Ich bedankte mich bei meiner Mutter dafür, dass sie mir das mitgeteilt hatte, und setzte mich schließlich zu ihr, Gordon und Victor um das kleine Feuer herum. Sobald die Sonne verschwunden war, war es tatsächlich sehr schnell sehr kalt geworden. Moira verteilte Decken an uns und wir unterhielten uns noch etwas. Sie erzählte mir einiges von früher. Es war schade, dass ich mich daran nicht mehr erinnern konnte. Es klang nach einer schönen, sorglosen Zeit. Je mehr ich von Eddi hörte, desto dringender wollte ich ihn befreien. Ich wollte ihn kennenlernen. Ich wollte ein guter großer Bruder für ihn sein.

Als es schon sehr spät war, lösten wir die kleine Versammlung auf und gingen ebenfalls in die kleinen Unterschlüpfe aus Pflanzen. Darin war es tatsächlich wärmer oder zumindest windstill. Schlafen konnte ich trotzdem nicht. Ich dachte sehr viel nach und kam dabei immer wieder zurück zu Tony. Ehe ich so richtig begriff, was ich eigentlich vorhatte, fand ich mich neben ihm wieder, nachdem ich mich zu ihm gelegt und ihn mit meiner Decke zugedeckt hatte.

„Was soll das werden?", murmelte er leise, drehte sich zu mir um und sah mich verwirrt an.

„Moira hat uns vorhin Decken gegeben. Du warst nicht da und ich dachte, dir ist vielleicht auch kalt..." Während ich mich erklärte – was mir eher wie eine Rechtfertigung vorkam – wurde ich ziemlich nervös unter seinem musternden Blick.

Schließlich schüttelte er den Kopf. „Du sorgst dich um mich, trotz allem..." Er wirkte ungläubig.

„Nichts davon war deine Schuld", versicherte ich ihm mit gesenkter Stimme und sah ihm dabei eindringlich in die Augen.

„Ich bin für den Tod meiner Mutter verantwortlich. Für deine Gefangennahme. Ich bin einfach weggerannt"

Das war es, wie er diese Situation zusammenfasste. Ich war anderer Meinung.

„Walter hat deine Mutter umgebracht, nicht du..."

Er unterbrach mich. „Aber ich habe es auch nicht verhindert"

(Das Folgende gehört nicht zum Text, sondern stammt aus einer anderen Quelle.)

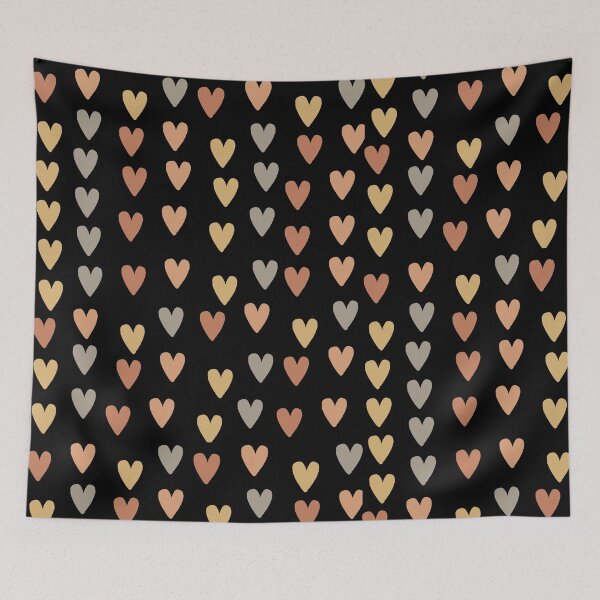 Item preview, Earthy Neutral Hand Drawn Hearts – Moody Boho Aesthetic Pattern designed and sold by Jyoti-Quotes.
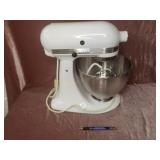 White Kitchen Aide Stand Mixer
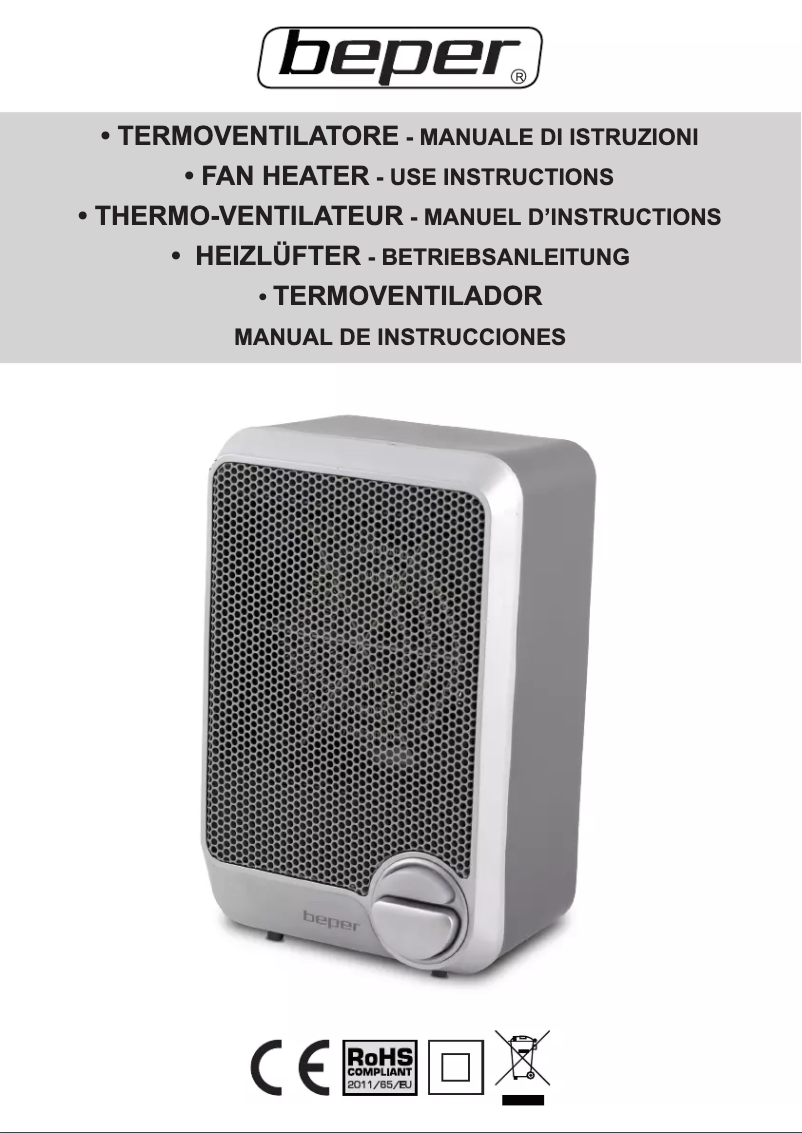 Page 1 de la notice Manuel utilisateur Beper RI.085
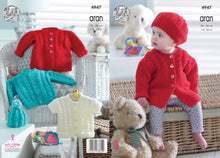 Load image into Gallery viewer, King Cole Pattern 4947: Jackets, Hats &amp; Short Sleeved Cardigan
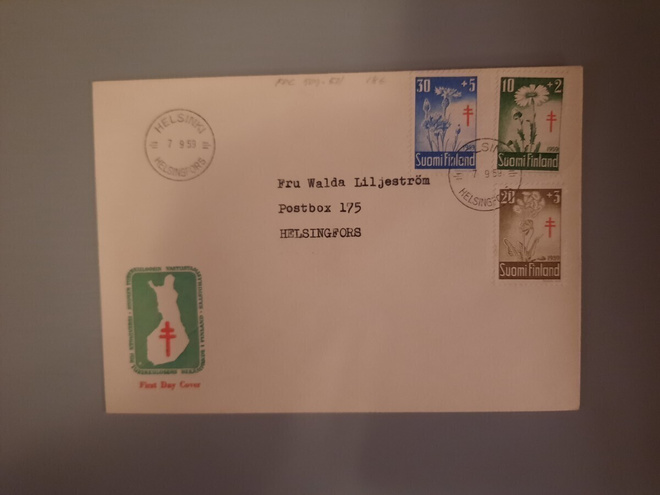 FDC Suomi 1959 TUB srj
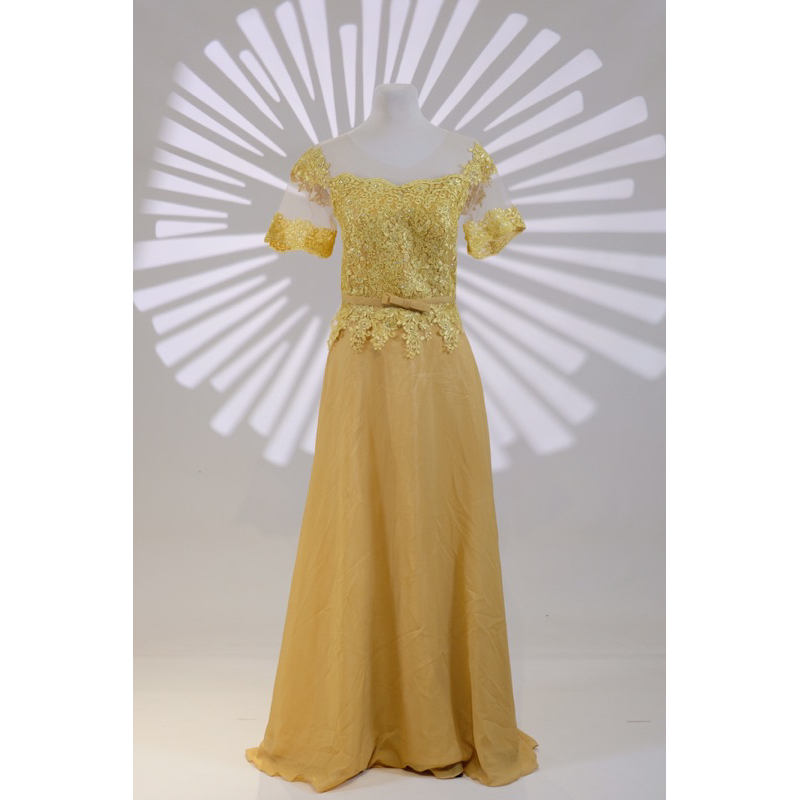 Matt gold gown best sale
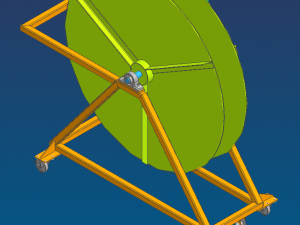chain storage wheel Modelo 3D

„Du warst ein Kind", flüsterte ich und sah ihn ernst an. „Du hättest ohnehin nichts gegen ihn ausrichten können. Keiner nimmt dir übel, was passiert ist. Es ist nicht deine Schuld" Mit dem letzten Satz wiederholte ich mich, das wusste ich, doch ich war bereit, es noch tausend Mal zu sagen, wenn er es dann endlich begriff.

„Ich habe dich zurückgelassen", hauchte er, dabei erneut glasige Augen bekommend.

„Du hast das einzig Richtige getan", widersprach ich erneut, sah ihn überzeugt an. 

Er schüttelte leicht den Kopf und schloss die Augen. Dadurch löste sich die angestaute Flüssigkeit und ihm liefen Tränen über die Wangen.

Nah rutschte ich an ihn heran. Ich legte meine Hand auf seine Wange und strich ihm die Tränen weg. Unsere Körper berührten sich an einigen Stellen und versetzten mir dadurch leichte Stromschläge. Mein Herz hämmerte in meiner Brust, beinahe so, als würde es jeden Moment rausspringen. Ich versuchte ruhig zu atmen.

Tony schluchzte leise auf und presste sich plötzlich an mich, umarmte mich und hielt sich an mir fest, so als sei ich die Rettung, auf die er seit fünf Jahren gewartet hatte. Ich wusste, dass ich das im Grunde auch war. 

Mit der einen Hand kraulte ich seine Haare, mit der anderen strich ich beruhigend über seinen Rücken, solange, bis er eingeschlafen war. Danach hielt ich ihn einfach nur fest.